REQUIREMENT: After locating the line with "TOM FORD OMBRE LEATHER (U) EDP 50 ml", reproduce that line and every one following it exactly, up to the end of the entries.
==== EXERCISE INPUT
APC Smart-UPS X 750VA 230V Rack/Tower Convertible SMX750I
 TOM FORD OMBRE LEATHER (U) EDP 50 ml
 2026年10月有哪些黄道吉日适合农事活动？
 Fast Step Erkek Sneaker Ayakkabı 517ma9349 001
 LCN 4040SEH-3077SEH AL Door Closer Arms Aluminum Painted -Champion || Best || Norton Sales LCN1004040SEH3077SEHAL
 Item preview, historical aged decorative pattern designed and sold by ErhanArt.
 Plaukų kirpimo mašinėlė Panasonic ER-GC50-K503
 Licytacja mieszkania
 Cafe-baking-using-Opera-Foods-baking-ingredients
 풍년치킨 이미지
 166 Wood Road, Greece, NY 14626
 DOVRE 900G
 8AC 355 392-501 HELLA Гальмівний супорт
========
EXERCISE ANSWER:
 TOM FORD OMBRE LEATHER (U) EDP 50 ml
 2026年10月有哪些黄道吉日适合农事活动？
 Fast Step Erkek Sneaker Ayakkabı 517ma9349 001
 LCN 4040SEH-3077SEH AL Door Closer Arms Aluminum Painted -Champion || Best || Norton Sales LCN1004040SEH3077SEHAL
 Item preview, historical aged decorative pattern designed and sold by ErhanArt.
 Plaukų kirpimo mašinėlė Panasonic ER-GC50-K503
 Licytacja mieszkania
 Cafe-baking-using-Opera-Foods-baking-ingredients
 풍년치킨 이미지
 166 Wood Road, Greece, NY 14626
 DOVRE 900G
 8AC 355 392-501 HELLA Гальмівний супорт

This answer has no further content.